A Bosnian chimera

Aleksandar Hemon's new novel deftly blends two contrasting tales of exile in America. It is also a book about writing, and how history resists the categories and resolutions we try to impose on it
August 30, 2008
The Lazarus Project by Aleksandar Hemon
(Picador, £14.99)

"I am a reasonably loyal citizen of a couple of countries," Vladimir Brik tells us by way of introduction. "In America—that sombre land—I waste my vote, pay my taxes grudgingly, share my life with a native wife, and try hard not to wish painful death to the idiot president. But I also have a Bosnian passport I seldom use…"

Brik has been living in the US since war broke out in Bosnia in the early 1990s, and is now in a phase best described as "moral waddling": thickening on cheeseburgers in suburban Chicago, he relies on his neurosurgeon wife for money while making noises about writing a book that is yet to materialise. The book will be based on a tale dredged from surviving historical archives about a 19-year-old Jewish Ukrainian immigrant called Lazarus Averbuch, who was shot dead at the home of the Chicago police chief in 1908. But Brik seems in no danger of making any progress on the novel until, almost by accident, he wins a research grant, enabling him and Rora, a childhood friend from Sarajevo, to embark on a journey around eastern Europe, retracing Lazarus's short life.

Hemon's narrative oscillates between Brik and Rora—tangling with pimps, prostitutes and casino heavies in modern-day Ukraine, Moldova and Bosnia—and the story of Lazarus, Brik's subject. An unhappy prototype for Brik himself, Lazarus survived the 1903 Kishinev pogrom and escaped to America to join his sister before his life was cut short in Chicago by the trigger-happy Chief Shippy. Death, however, was not the end of his story, which was then framed as evidence of an anarchist conspiracy, creating a hyperbolised climate of fear which parallels several periods of American history, from the witchcraft hysteria of Puritan New England to today's war on terror. As Lazarus's grief-stricken sister is told: "Freedom is a business much easier to run if the authorities have an enemy, the more categorical the better."

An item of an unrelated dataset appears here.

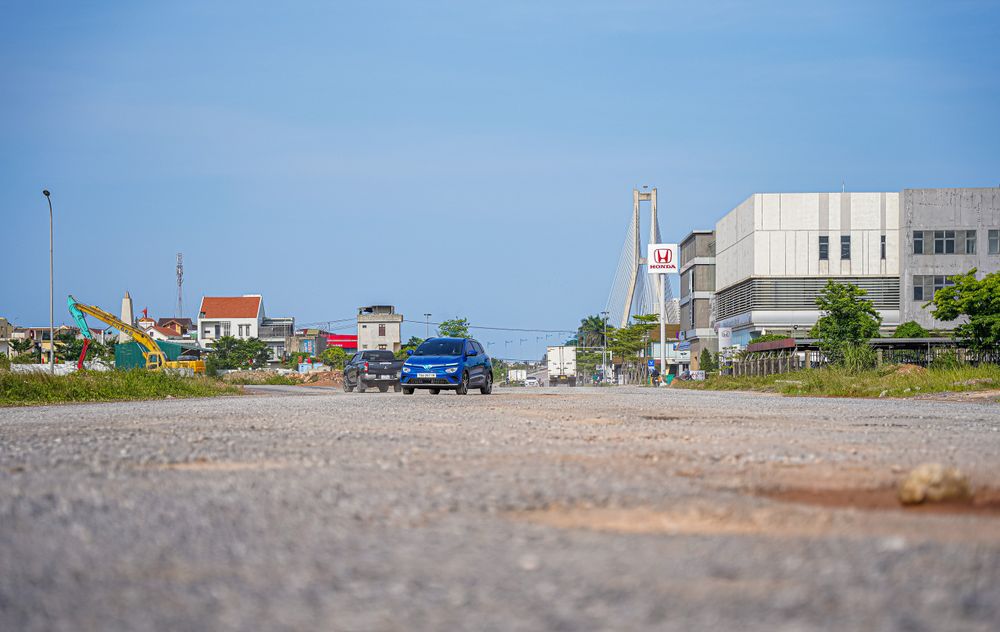 Quảng Bình: Đường trăm tỷ bị bỏ hoang do chưa được đấu nối - Ảnh 9.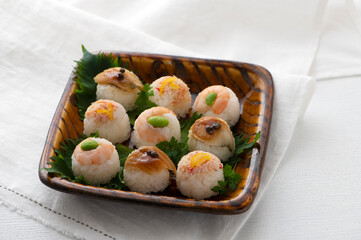 和食器に盛られた魚介の手毬寿司　日本料理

At first, Hemon confines the tales of Lazarus and Brik to alternating chapters, but as Brik's mind is beset by "ontological warps," Lazarus's story gradually becomes part of his own. Add to this Rora's propensity to tell tall tales about his escapades in besieged Sarajevo in the 1990s, and soon the narrative has become a temporal tapestry, interwoven with echoes. American journalists called Miller feature in two tales. In each, their reporting is distorted by the special interests to which they are beholden—in one case, the Chicago police department; in the other, a psychotic Bosnian warlord called Rambo. History, Hemon is telling us, is not something we can seal up in a box or a book: most of its unpleasant truths are still with us. As Brik falls asleep, violent memories rise "like a corpse released from the bottom of the lake."

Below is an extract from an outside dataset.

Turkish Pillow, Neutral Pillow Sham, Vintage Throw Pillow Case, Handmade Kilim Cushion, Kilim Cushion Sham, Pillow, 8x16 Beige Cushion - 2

Sometimes aping the tight, breathless style of Miller's reporting for the 1908 Chicago Tribune, at other times meandering through Brik's vivid dream landscape, Hemon's use of language is deft—and all the more impressive because, like Nabokov and Conrad before him, Hemon learnt English relatively late in life. (Like Brik, he arrived in the US shortly before the siege of Sarajevo began.) He is among a new generation of American writers that have produced a glut of tales about adventuresome mishaps in eastern Europe, most notably Jonathan Safran Foer in Everything is Illuminated, and Gary Shteyngart in Absurdistan. But whereas Shteyngart's characters are ebullient and anarchic, and his comedy derives from his tone of mock-seriousness, Hemon does quite the opposite. On the surface there is farce. Underneath lie horror and tragedy, and characters—like Lazarus's sister, Olga—haunted by grief and loss.

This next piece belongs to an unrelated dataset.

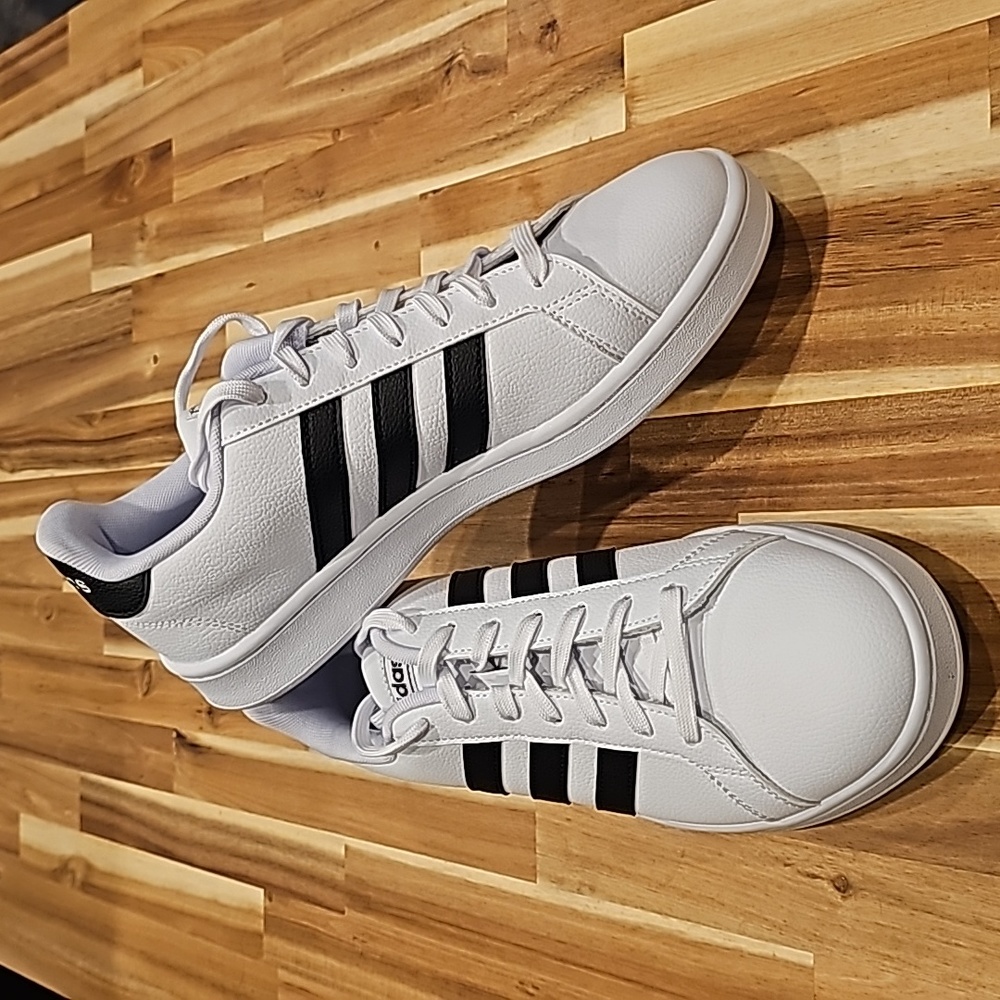 Adidas shoes white with black US 9.5 NEW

Brik's memories of Sarajevo before the war are laden with nostalgia: it was a place where "everyone could be what they claimed they were." But for him, just as for so many other refugees, the idyll he yearns to return to is a chimera. He has superficially assimilated himself in America, but still feels outside of it; he is distanced from his wife (who operates from "her high position of surgically American decency") and is yet to find his own agency as a writer. For him, Bosnia becomes everything America is not. In the US, "the incessant perpetration of collective fantasies makes people crave the truth and nothing but the truth," but the home country he imagines is a place where "disbelief was permanently suspended, for nobody expected truth… just the pleasure of being in the story and, maybe, passing it off as their own."

In the end, Brik can only unlock his writer's block once he accepts that all he has are fragments—of Lazarus's story, Rora's and even his own. Then, in possibilities and queries, Lazarus is resurrected from the footnotes of history. "Had Lazarus lived, would he have become Billy Averbuch? Would his children have become Avery or Averiman or, who knows, Field?… Would his anarchist proclivities, receding chin, and simian ears have been tucked deep inside the family history, inside the glorious American dream?" These are questions that frame an unfinished yet vital story. As Hemon knows, the most captivating tales are fashioned by pulling history apart at its seams.